Background Briefing: August 14, 2018

 

Russian Media Suggests Trump Needs Putin’s Help to Rig the Midterm Elections

We begin with an examination of the Russian media’s coverage of Donald Trump who is routinely referred to on State TV as “our president” with a political joke doing the rounds on Kremlin-controlled State TV that Republican Congressmen are visiting Russia “to make deals with our hackers, so they can rig the midterms in favor of Trump’s team”. Julia Davis, the founder and editor of Russian Media Monitor which analyzes Russian media and the relationship between news and propaganda, joins us to discuss a recent broadcast of Russia’s “60 Minutes” news program in which a pundit implied Putin has leverage over Trump and that America’s president should stop the U.S. sanctions, which incidentally Trump is delaying and undermining, otherwise “If you want us to support you in the election, do what we say”. We will also examine the irony that while Trump uses Stalin’s term “enemy of the people” to describe the press that is not Fox News, Russian media has the same list of enemies as Trump does – Democrats, the “deep state” and the U.S. media.

 

To Impeach or Not to Impeach

Then we speak with John Bonifaz, the co-Founder and President of Free Speech For People who previously served as the Executive Director and General Counsel of the National Voting Rights Institute and as Legal Director of Voter action.

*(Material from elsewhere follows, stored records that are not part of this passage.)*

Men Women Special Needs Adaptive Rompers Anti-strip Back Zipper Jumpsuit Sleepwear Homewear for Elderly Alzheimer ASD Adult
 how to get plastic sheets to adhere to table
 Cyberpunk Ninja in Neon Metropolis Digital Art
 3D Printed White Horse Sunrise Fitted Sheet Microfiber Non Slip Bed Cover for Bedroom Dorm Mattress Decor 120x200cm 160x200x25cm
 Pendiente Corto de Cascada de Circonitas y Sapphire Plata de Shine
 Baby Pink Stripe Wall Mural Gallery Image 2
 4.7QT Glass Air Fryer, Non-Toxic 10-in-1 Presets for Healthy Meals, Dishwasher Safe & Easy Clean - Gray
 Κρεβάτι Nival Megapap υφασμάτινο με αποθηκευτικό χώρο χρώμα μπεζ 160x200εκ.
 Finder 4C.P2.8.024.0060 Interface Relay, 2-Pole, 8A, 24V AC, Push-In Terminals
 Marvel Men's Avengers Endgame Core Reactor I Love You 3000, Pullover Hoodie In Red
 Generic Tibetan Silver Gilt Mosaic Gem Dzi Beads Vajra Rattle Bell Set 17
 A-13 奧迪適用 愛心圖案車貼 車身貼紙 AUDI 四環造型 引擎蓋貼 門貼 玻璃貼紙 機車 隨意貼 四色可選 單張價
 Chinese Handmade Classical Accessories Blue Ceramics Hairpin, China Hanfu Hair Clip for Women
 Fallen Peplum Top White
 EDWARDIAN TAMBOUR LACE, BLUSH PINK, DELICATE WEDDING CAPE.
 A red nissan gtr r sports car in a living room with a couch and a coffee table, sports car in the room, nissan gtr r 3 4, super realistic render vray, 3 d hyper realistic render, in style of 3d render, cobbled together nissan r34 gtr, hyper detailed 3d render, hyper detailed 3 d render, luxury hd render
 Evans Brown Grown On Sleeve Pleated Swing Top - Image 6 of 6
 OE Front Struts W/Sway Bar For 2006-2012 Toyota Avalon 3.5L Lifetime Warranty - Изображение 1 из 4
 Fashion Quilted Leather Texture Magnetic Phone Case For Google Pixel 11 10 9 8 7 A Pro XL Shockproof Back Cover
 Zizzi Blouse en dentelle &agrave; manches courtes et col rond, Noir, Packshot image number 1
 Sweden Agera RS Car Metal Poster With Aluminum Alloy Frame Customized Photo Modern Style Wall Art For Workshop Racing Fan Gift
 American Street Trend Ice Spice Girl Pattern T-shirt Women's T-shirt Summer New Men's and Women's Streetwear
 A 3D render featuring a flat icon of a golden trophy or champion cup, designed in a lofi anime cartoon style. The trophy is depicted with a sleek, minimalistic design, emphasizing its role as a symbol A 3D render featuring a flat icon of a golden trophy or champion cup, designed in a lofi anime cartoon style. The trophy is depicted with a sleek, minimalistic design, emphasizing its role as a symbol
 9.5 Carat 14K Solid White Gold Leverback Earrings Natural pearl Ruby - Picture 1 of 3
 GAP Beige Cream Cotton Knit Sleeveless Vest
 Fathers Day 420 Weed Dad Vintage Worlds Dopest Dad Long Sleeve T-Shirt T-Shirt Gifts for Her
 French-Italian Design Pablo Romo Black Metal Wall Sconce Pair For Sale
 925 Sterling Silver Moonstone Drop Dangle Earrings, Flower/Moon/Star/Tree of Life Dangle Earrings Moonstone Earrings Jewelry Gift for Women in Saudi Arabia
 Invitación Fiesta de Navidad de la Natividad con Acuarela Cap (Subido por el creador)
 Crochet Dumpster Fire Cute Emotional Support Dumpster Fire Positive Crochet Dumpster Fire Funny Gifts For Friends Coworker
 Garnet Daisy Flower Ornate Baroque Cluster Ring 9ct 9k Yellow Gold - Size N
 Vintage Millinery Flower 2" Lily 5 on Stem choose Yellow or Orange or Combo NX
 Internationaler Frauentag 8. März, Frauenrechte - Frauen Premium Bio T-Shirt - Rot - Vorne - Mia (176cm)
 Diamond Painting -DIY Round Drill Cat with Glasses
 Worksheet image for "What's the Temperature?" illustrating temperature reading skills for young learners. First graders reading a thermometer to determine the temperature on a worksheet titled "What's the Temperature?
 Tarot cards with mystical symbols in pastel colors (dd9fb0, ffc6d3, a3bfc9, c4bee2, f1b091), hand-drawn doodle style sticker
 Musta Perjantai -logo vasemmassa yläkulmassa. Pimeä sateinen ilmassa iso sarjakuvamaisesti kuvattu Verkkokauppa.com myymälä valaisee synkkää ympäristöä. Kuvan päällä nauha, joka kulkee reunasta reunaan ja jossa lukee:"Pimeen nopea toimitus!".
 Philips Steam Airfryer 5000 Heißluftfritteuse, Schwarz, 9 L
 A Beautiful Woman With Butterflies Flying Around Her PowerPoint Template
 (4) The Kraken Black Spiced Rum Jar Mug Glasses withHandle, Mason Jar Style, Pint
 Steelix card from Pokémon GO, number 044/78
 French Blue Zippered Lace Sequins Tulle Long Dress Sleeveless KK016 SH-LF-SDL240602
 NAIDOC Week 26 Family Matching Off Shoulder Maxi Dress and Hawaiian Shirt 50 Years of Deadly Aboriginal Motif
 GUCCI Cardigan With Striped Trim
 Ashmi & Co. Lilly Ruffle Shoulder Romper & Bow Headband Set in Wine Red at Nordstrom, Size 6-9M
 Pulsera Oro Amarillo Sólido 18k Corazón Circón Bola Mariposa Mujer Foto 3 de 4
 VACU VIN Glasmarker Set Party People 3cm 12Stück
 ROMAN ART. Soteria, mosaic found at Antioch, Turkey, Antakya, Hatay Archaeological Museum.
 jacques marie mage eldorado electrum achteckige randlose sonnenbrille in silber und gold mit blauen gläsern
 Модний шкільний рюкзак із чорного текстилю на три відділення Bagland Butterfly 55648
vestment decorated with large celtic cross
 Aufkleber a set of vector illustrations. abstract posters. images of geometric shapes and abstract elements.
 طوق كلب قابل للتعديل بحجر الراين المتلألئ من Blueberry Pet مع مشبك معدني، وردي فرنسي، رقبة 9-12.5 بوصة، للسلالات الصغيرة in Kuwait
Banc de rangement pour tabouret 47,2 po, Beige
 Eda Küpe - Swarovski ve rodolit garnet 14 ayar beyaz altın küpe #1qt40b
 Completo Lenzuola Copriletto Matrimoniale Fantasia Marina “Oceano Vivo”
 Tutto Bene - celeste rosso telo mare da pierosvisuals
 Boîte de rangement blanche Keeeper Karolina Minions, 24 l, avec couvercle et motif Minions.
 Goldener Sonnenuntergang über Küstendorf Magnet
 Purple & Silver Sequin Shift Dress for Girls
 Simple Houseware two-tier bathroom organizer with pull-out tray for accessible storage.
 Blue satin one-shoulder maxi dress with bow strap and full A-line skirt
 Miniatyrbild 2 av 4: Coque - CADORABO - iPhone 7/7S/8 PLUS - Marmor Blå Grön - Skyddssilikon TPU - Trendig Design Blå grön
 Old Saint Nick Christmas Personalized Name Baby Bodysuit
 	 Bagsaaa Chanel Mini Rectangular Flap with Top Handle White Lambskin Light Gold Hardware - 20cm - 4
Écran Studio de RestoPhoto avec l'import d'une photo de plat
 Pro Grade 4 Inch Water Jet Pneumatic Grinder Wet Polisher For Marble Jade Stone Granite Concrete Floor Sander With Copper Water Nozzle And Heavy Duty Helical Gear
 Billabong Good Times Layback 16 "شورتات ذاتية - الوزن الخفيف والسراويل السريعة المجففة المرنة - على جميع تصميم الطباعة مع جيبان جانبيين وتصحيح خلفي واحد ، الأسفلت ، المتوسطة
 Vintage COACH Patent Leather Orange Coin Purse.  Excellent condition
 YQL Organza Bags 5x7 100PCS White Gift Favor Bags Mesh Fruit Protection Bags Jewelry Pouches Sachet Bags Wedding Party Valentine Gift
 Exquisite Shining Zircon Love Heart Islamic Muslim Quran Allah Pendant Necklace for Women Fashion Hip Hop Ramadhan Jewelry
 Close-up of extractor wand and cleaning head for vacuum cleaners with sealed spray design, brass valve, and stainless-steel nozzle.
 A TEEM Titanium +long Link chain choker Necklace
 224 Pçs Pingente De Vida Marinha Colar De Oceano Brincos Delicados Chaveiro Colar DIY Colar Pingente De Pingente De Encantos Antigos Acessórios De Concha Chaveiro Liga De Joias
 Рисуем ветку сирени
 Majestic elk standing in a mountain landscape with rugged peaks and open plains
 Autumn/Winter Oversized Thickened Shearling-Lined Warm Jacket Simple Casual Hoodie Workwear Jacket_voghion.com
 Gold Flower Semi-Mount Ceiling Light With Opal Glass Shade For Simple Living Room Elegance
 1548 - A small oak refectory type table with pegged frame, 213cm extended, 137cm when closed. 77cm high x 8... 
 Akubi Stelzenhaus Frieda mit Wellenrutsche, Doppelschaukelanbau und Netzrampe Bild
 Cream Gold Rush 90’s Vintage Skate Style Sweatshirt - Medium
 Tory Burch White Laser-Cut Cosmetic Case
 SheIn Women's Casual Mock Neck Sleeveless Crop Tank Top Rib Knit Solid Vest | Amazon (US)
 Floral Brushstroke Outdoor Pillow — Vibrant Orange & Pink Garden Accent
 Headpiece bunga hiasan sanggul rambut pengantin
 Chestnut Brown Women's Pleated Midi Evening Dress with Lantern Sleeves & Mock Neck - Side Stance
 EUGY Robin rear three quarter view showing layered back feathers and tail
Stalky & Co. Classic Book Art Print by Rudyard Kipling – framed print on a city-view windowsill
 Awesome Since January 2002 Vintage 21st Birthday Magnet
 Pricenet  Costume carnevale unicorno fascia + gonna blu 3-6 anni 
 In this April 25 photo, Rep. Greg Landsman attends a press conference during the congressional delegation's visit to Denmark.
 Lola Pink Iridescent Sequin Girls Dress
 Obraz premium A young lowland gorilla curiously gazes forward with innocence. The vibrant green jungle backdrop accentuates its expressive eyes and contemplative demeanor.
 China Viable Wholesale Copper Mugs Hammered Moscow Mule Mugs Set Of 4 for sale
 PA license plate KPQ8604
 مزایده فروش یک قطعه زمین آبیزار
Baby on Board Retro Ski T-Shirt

He joins us to discuss his new book “The Constitution Demands It: The Case for the Impeachment of Donald Trump” and we assess whether Trump has been violating the Constitution from the moment he took the oath of office and examine the eight categories in which Trump has already crossed the line into impeachable territory.

 

Another Child Sex Abuse Scandal Shakes the Catholic Church

Then finally, we look into a shocking report just issued from a grand jury investigation in Pennsylvania revealing that the Catholic Church in the state covered up child abuse by 301 priests over a 70 year period, with the report indentifying over 1,000 victims.Kenneth Briggs, who writes for the National Catholic Reporter and was a religion editor for The New York Times, joins us to discuss the continuing scandal that dogs the church and mires the pope in periodic purges of church leaders around the world in Chile, Australia and now in Pennsylvania.